• [Material supplied]
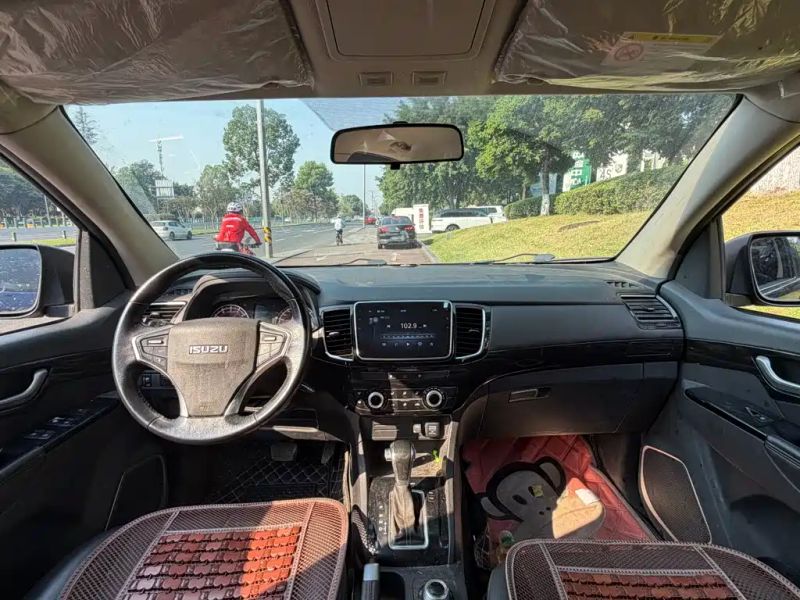 Isuzu suv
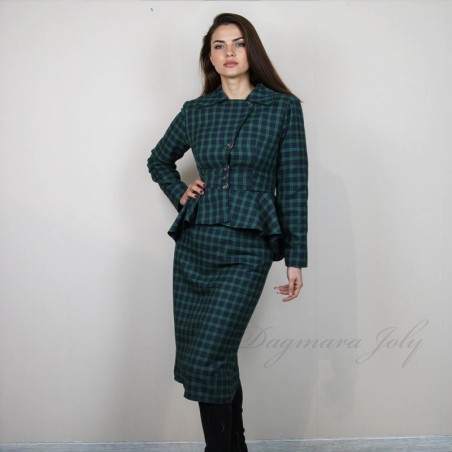 Costume deux pieces femme sur mesure, tissu léger et coupe ajustée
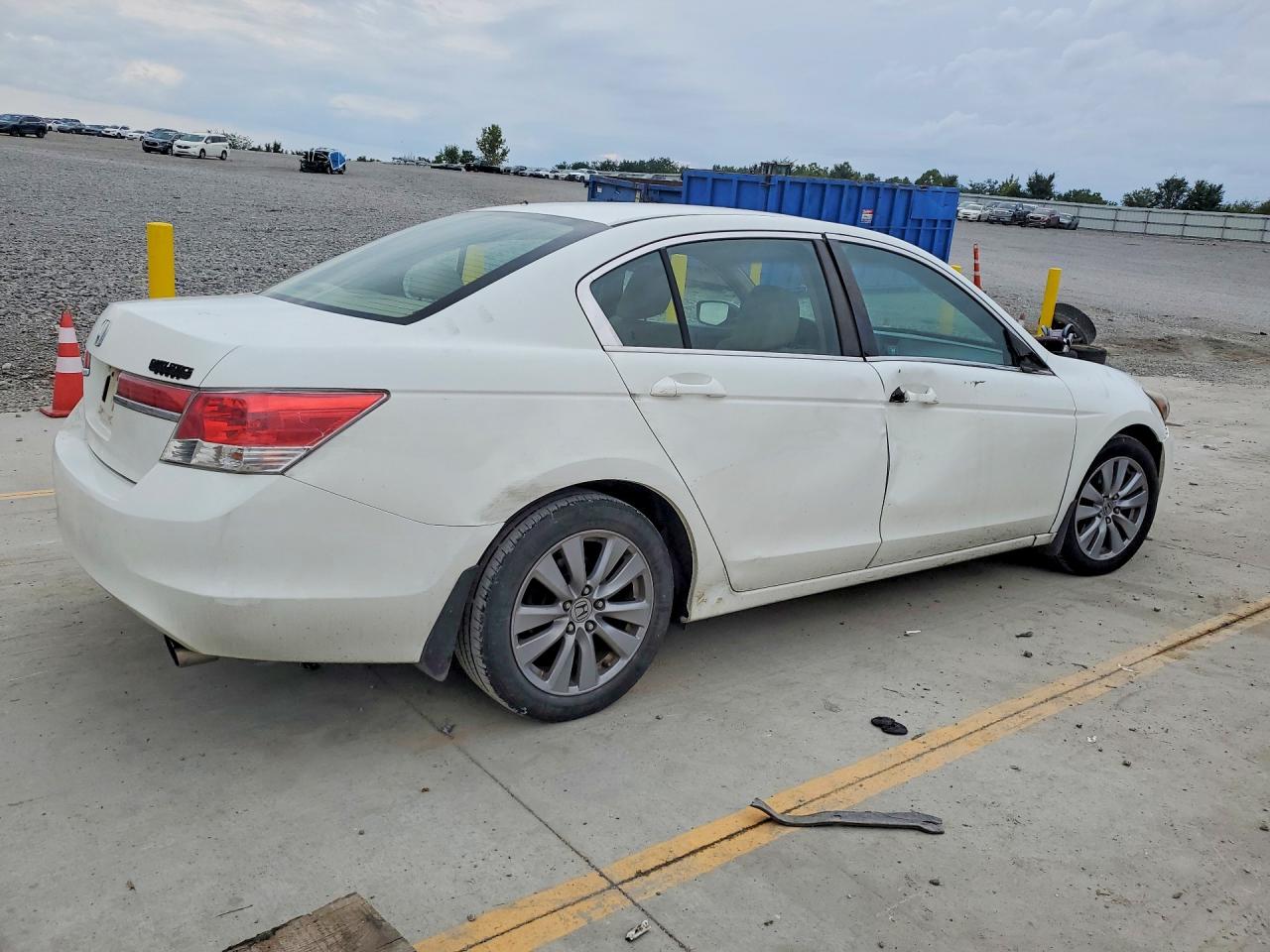 2011 Honda Accord White vin: 1HGCP2F7XBA067194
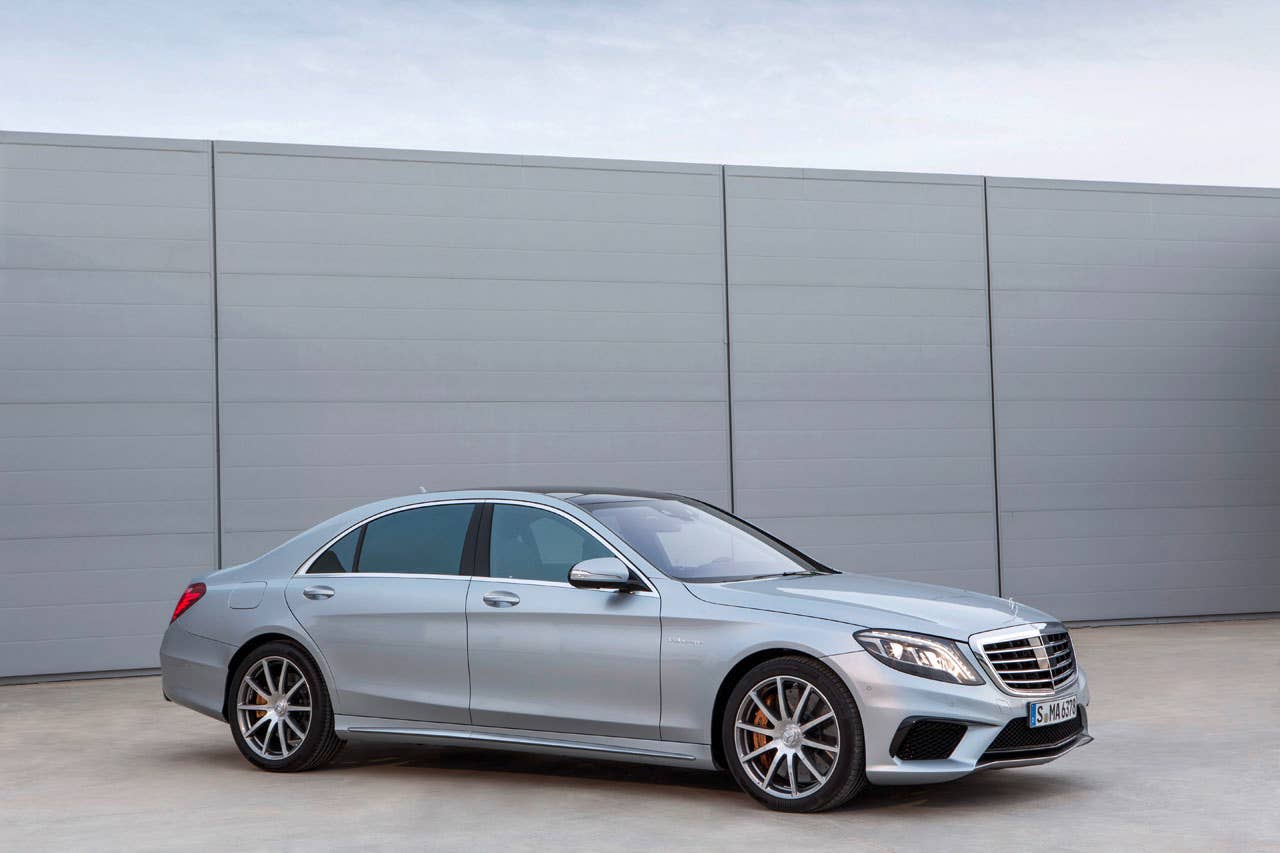 2014 Mercedes-Benz S63 AMG 4MATIC.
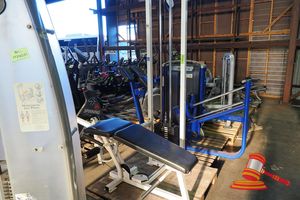54 · 1 X LEG EXTENSION HAMSTRING CURL MACHINE, DUAL FUNCTION, CABLE WEIGHT STACK, ON A PALLET (SOME MARKS)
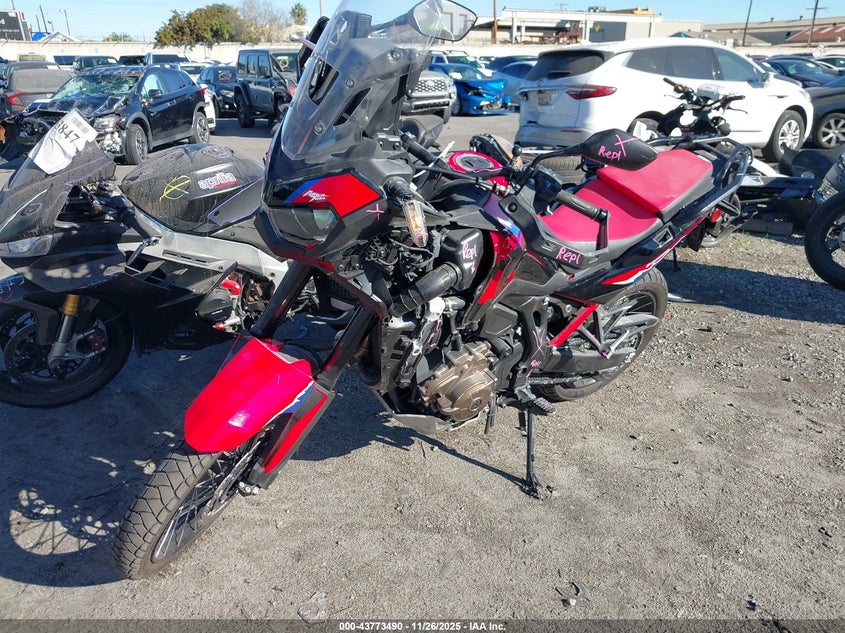 Vin: jh2fd1555rk000155, lot: 44268915, honda crf1000 d 20242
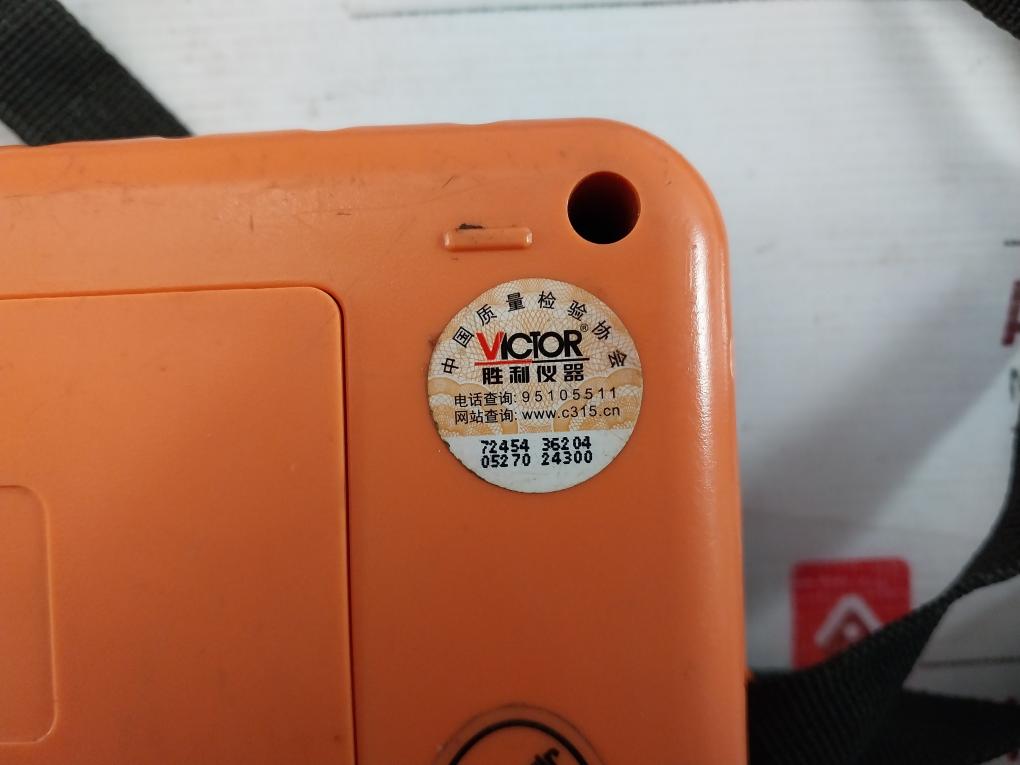 Victor Vc60B+ Digital Insulation Resistance Tester Ac750V Dc 9V 72454 36204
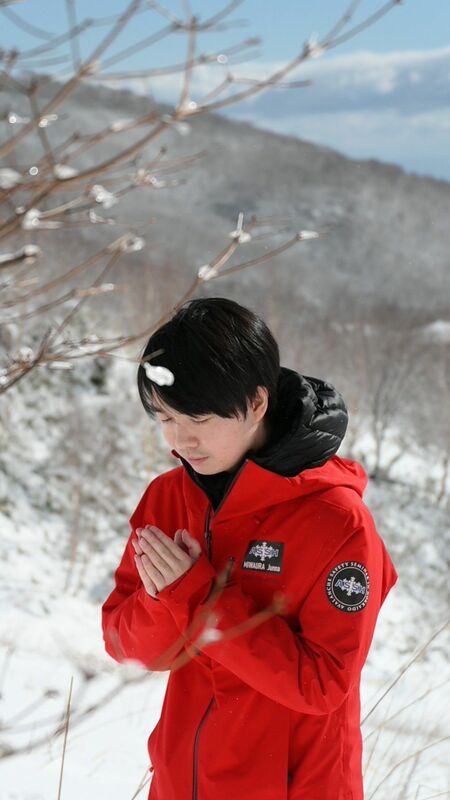 雪崩事故があった現場近くで献花し手を合わせる三輪浦さん=27日午前8時50分、那須町湯本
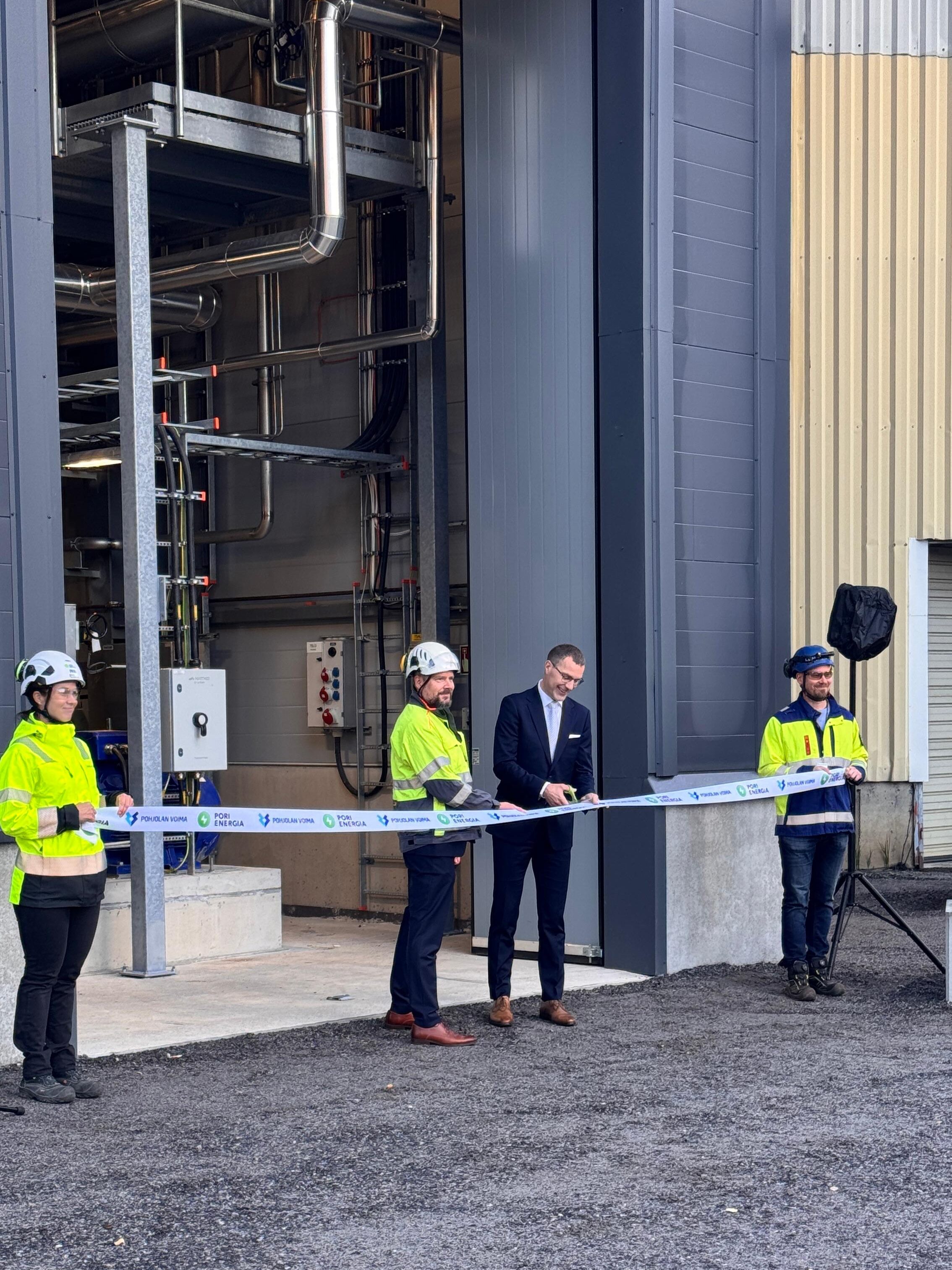 At the ribbon-cutting ceremony, the ribbon was held by Maria Nummelin and Kimmo Kurikka. Cutting the ribbon is City of Pori Mayor Lauri Inna, accompanied by Eero Niemitalo, CEO of Porin Prosessivoima.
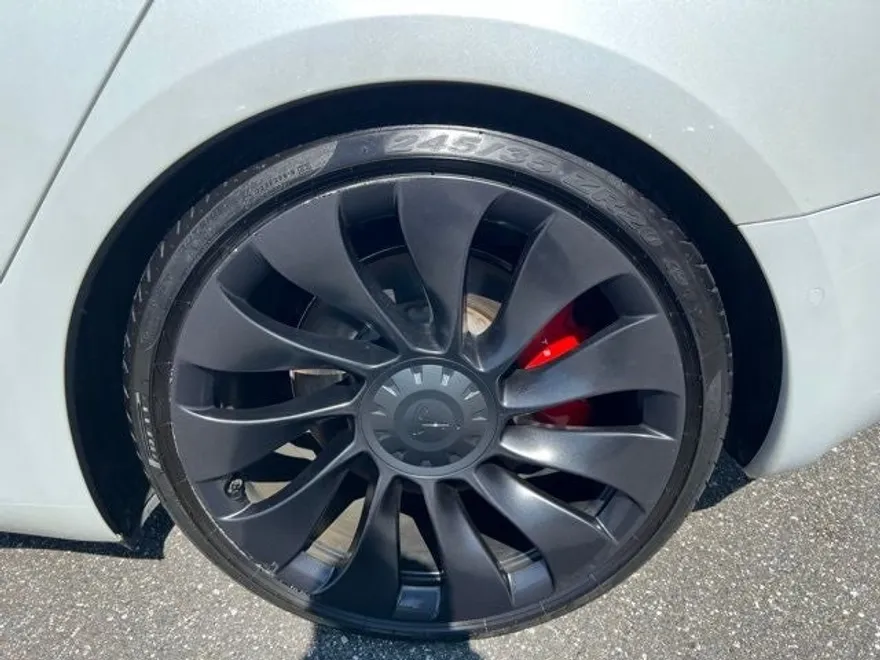 2022 Tesla Model 3 Performance photo 13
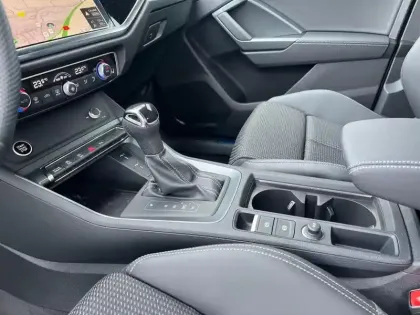 Photo 27 Audi Q3  Sportback 35 TFSI 150 ch S tronic 7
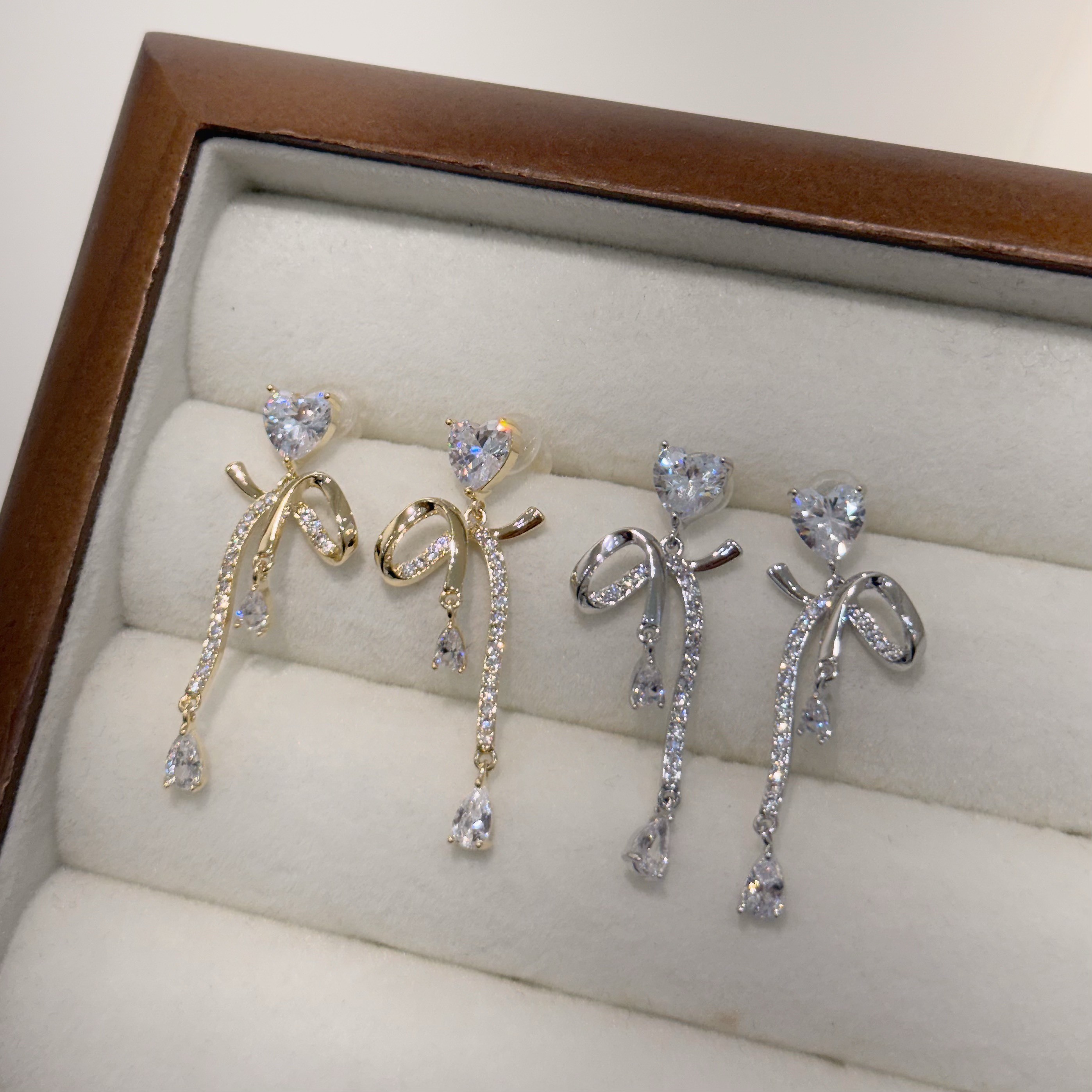 滿鑽愛心扭結垂吊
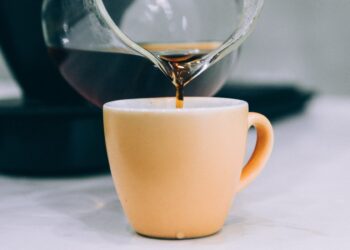 Café alcança o valor mais alto da história e ultrapassa R$ 3 mil por xícara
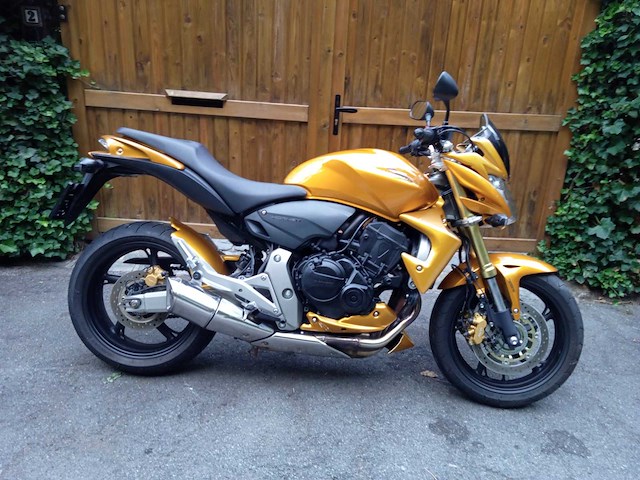 Honda - cb 600 hornet - motorfiets - afbeelding 2 van  6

• [Problem] Give all of the material again, exactly, apart from the pictures.

• [Answer below]
 Isuzu suv
 Costume deux pieces femme sur mesure, tissu léger et coupe ajustée
 2011 Honda Accord White vin: 1HGCP2F7XBA067194
 2014 Mercedes-Benz S63 AMG 4MATIC.
54 · 1 X LEG EXTENSION HAMSTRING CURL MACHINE, DUAL FUNCTION, CABLE WEIGHT STACK, ON A PALLET (SOME MARKS)
 Vin: jh2fd1555rk000155, lot: 44268915, honda crf1000 d 20242
 Victor Vc60B+ Digital Insulation Resistance Tester Ac750V Dc 9V 72454 36204
 雪崩事故があった現場近くで献花し手を合わせる三輪浦さん=27日午前8時50分、那須町湯本
 At the ribbon-cutting ceremony, the ribbon was held by Maria Nummelin and Kimmo Kurikka. Cutting the ribbon is City of Pori Mayor Lauri Inna, accompanied by Eero Niemitalo, CEO of Porin Prosessivoima.
 2022 Tesla Model 3 Performance photo 13
 Photo 27 Audi Q3  Sportback 35 TFSI 150 ch S tronic 7
 滿鑽愛心扭結垂吊
 Café alcança o valor mais alto da história e ultrapassa R$ 3 mil por xícara
 Honda - cb 600 hornet - motorfiets - afbeelding 2 van  6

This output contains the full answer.